## What is required
Word for word, reproduce the records, keeping none of the pictures.

BEGIN Data provided

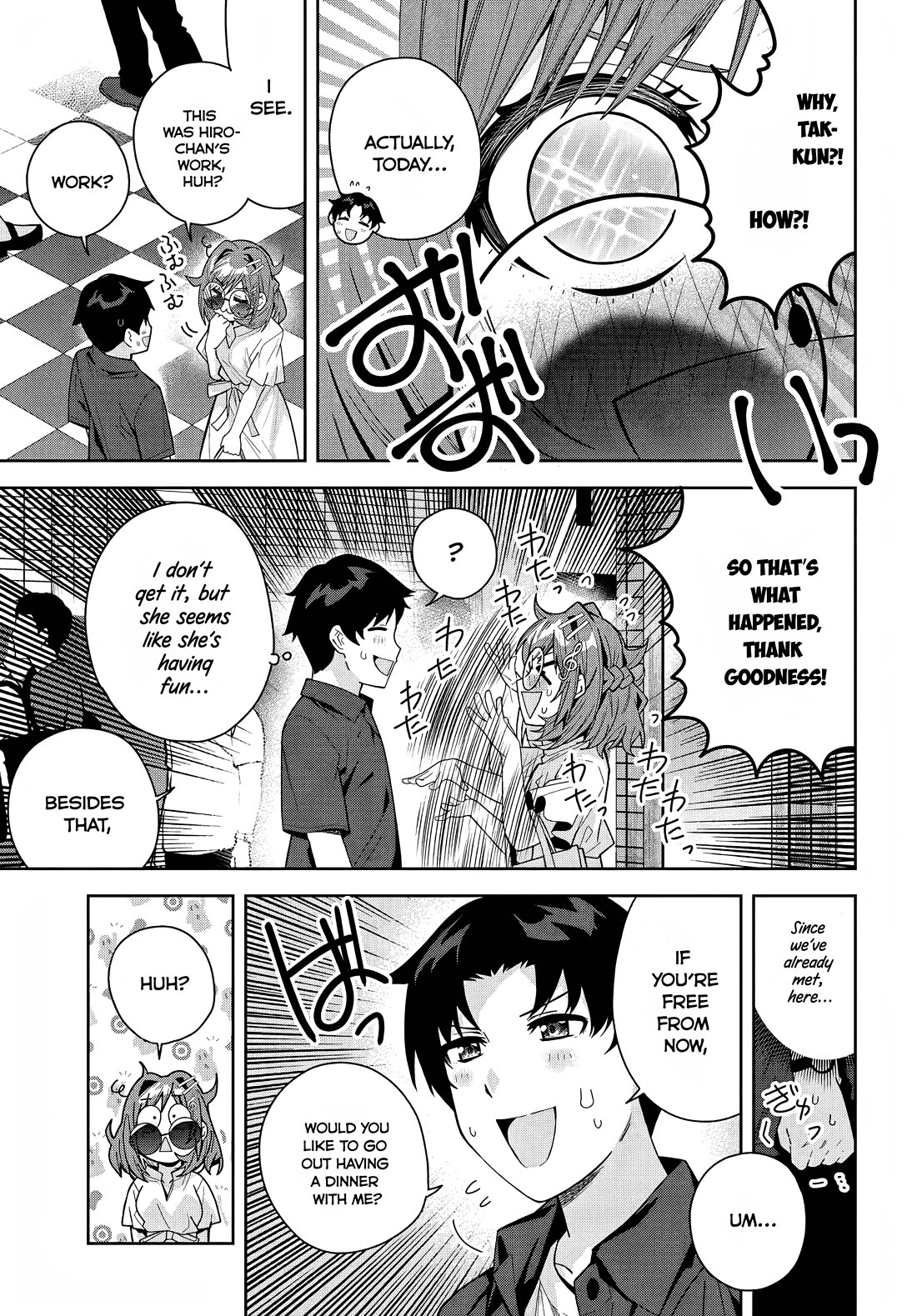 The Idol Girl in My Class Is Acting Suspiciously chapter 20 page 3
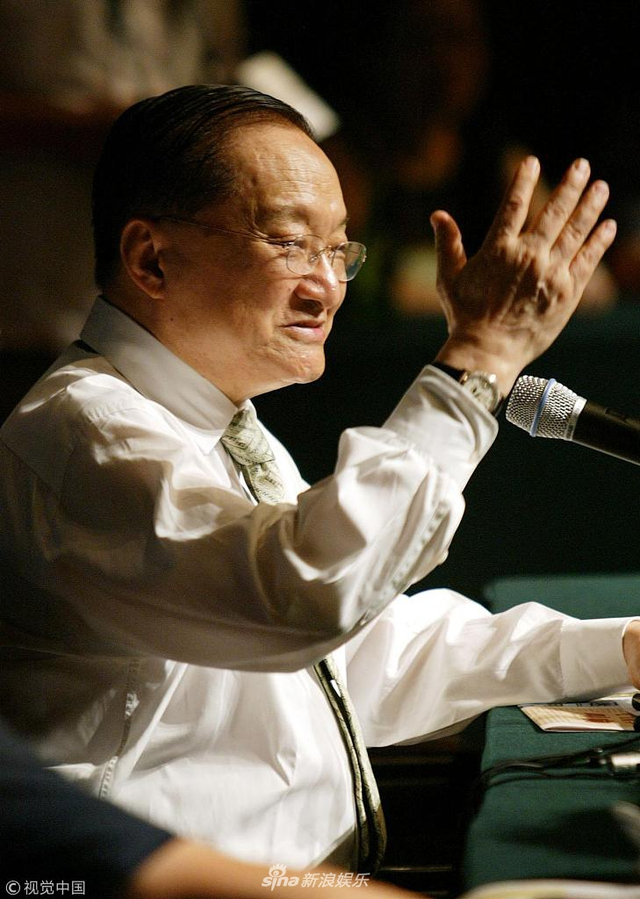 组图：金庸逝世享年94岁 音容笑貌犹在眼前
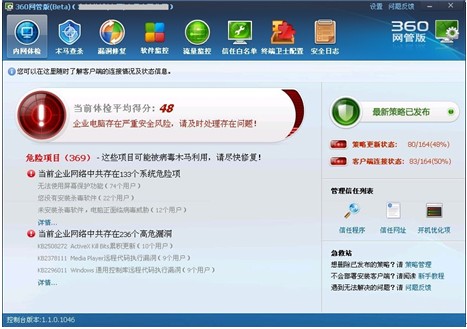 360安全卫士下载2013正式版官方免费下载_奇虎360综合搜索下载_奇虎360搜索推广老大是谁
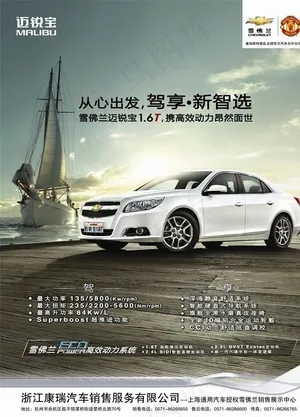 迈锐宝图片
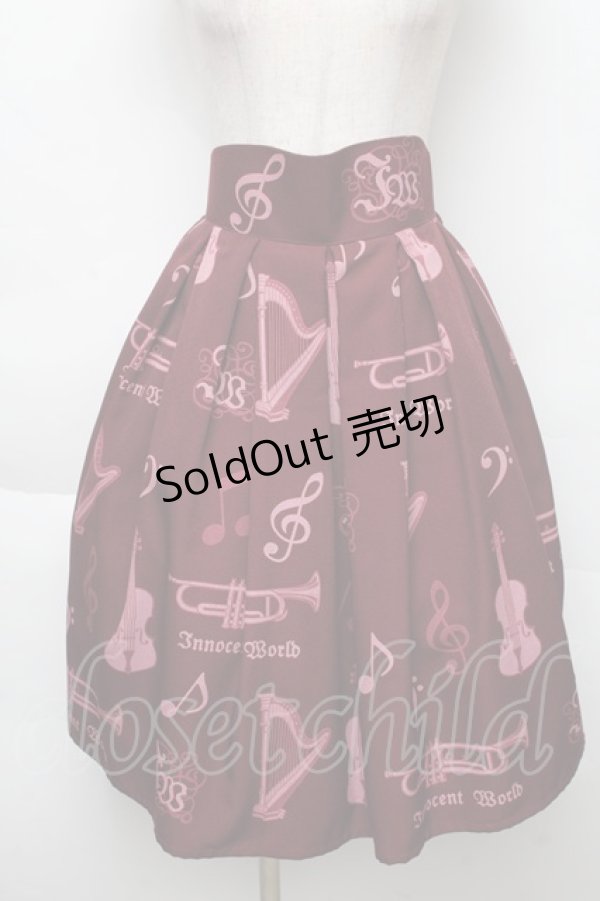 画像1: Innocent World / オーケストラの楽器柄スカート  ワイン S-25-12-02-054-IW-SK-AS-ZS (1)
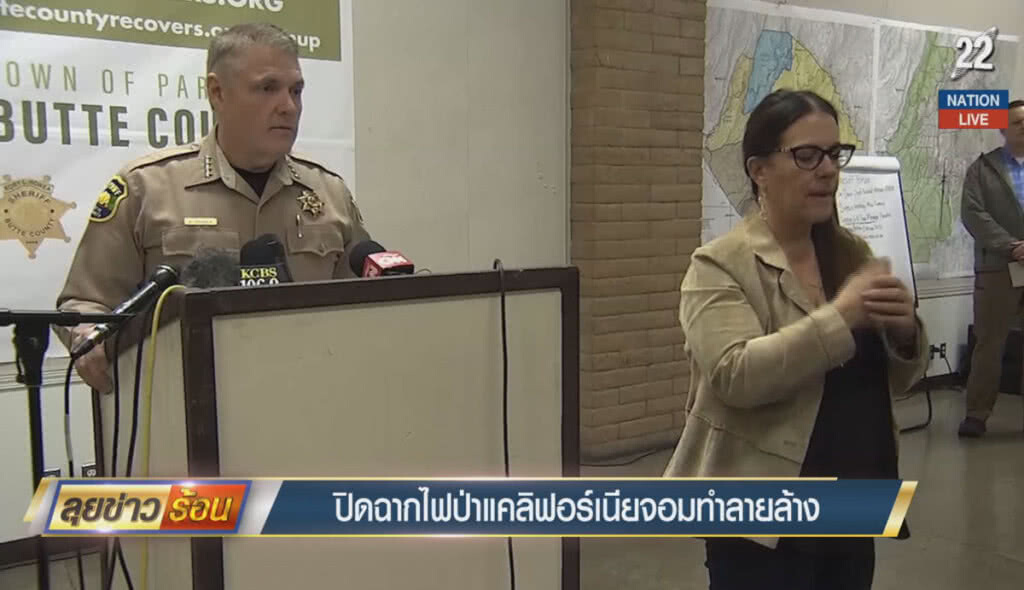 (คลิปข่าว) ปิดฉากไฟป่าแคลิฟอร์เนียจอมทำลายล้าง (คลิปข่าว) ปิดฉากไฟป่าแคลิฟอร์เนียจอมทำลายล้าง
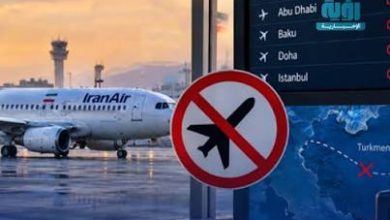 صورة الإمارات: تعليق رحلات شركات الطيران الإيرانية من وإلى الدولة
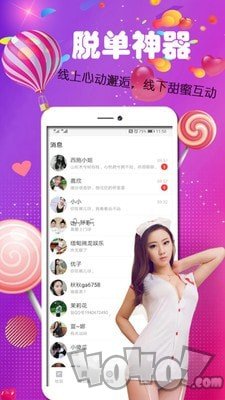 陌单身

END Data provided

## Task output
 The Idol Girl in My Class Is Acting Suspiciously chapter 20 page 3
 组图：金庸逝世享年94岁 音容笑貌犹在眼前
 360安全卫士下载2013正式版官方免费下载_奇虎360综合搜索下载_奇虎360搜索推广老大是谁
 迈锐宝图片
 画像1: Innocent World / オーケストラの楽器柄スカート  ワイン S-25-12-02-054-IW-SK-AS-ZS (1)
 (คลิปข่าว) ปิดฉากไฟป่าแคลิฟอร์เนียจอมทำลายล้าง (คลิปข่าว) ปิดฉากไฟป่าแคลิฟอร์เนียจอมทำลายล้าง
 صورة الإمارات: تعليق رحلات شركات الطيران الإيرانية من وإلى الدولة
 陌单身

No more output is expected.